• **Activity**
Skip pictures in the listing below; copy exactly the lines from the one with "Samsung Galaxy S25" through the one with "map of restaurants, bars, coffee", inclusive.

===== Data provided

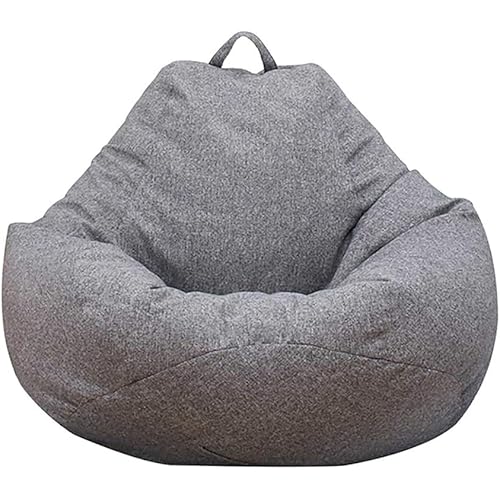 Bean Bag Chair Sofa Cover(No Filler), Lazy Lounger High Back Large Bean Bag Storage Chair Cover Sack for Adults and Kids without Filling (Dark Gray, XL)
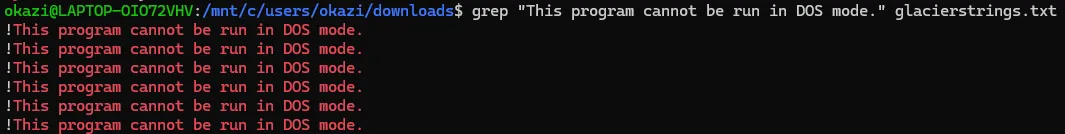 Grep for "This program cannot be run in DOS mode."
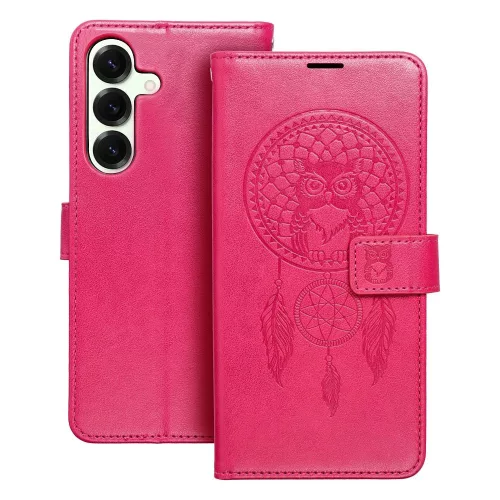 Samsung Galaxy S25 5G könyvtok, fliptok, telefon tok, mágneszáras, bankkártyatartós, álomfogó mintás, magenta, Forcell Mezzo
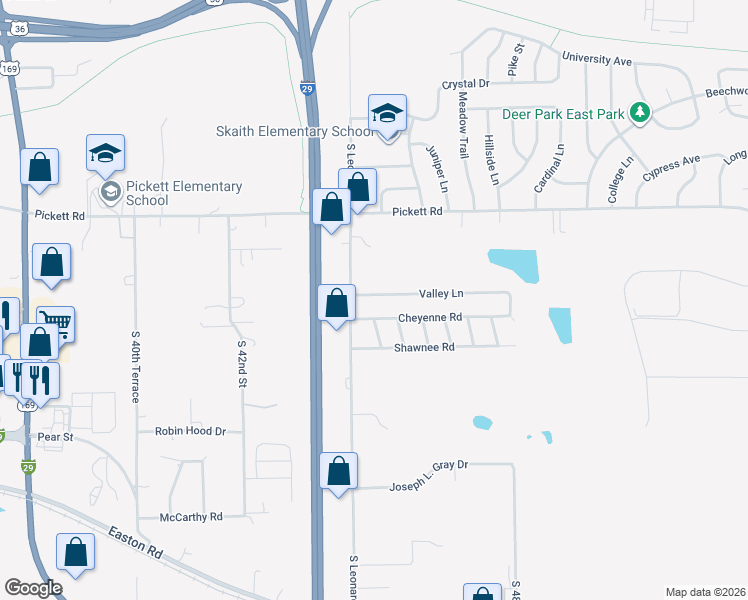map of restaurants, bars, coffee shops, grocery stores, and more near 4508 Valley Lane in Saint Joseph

==========
===== Data provided

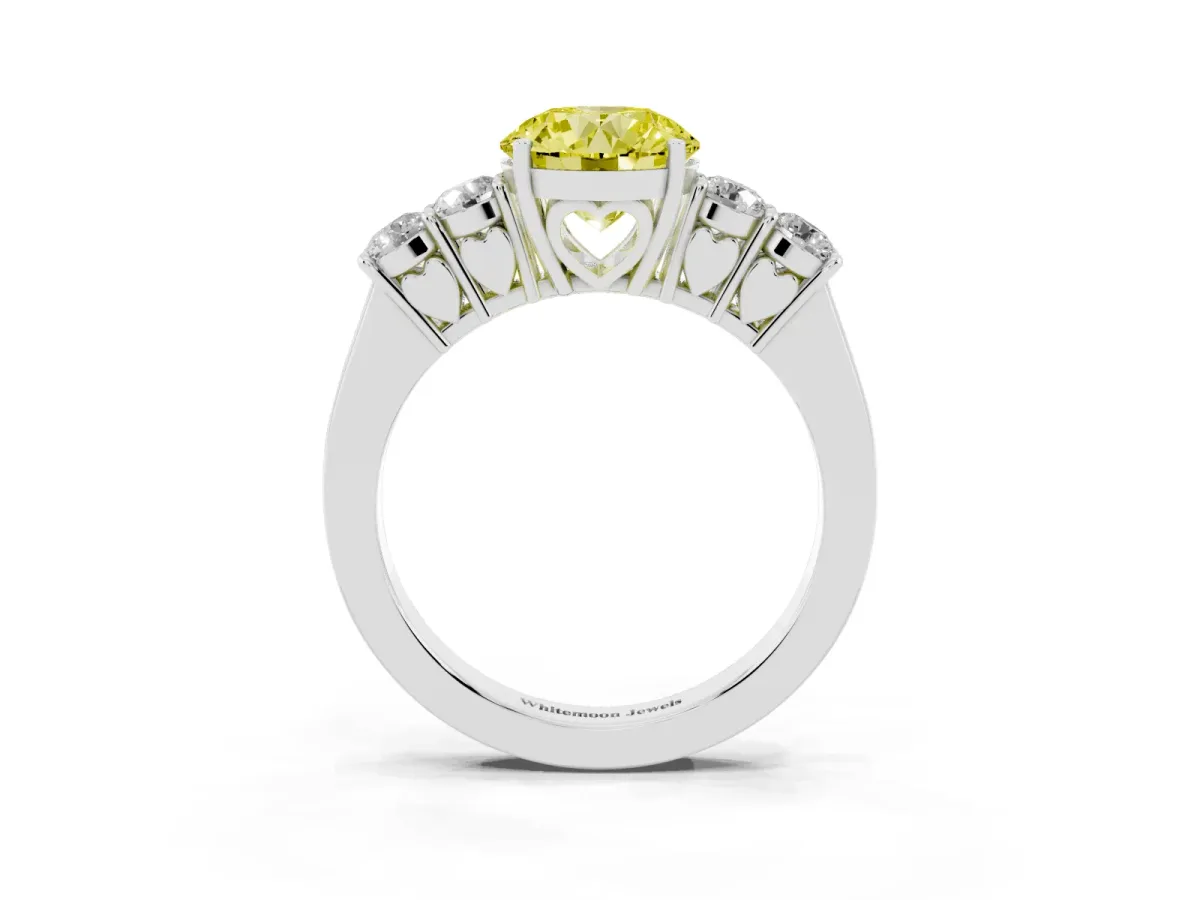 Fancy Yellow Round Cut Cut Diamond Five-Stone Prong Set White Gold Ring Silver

==========

• **Response**
 Samsung Galaxy S25 5G könyvtok, fliptok, telefon tok, mágneszáras, bankkártyatartós, álomfogó mintás, magenta, Forcell Mezzo
map of restaurants, bars, coffee shops, grocery stores, and more near 4508 Valley Lane in Saint Joseph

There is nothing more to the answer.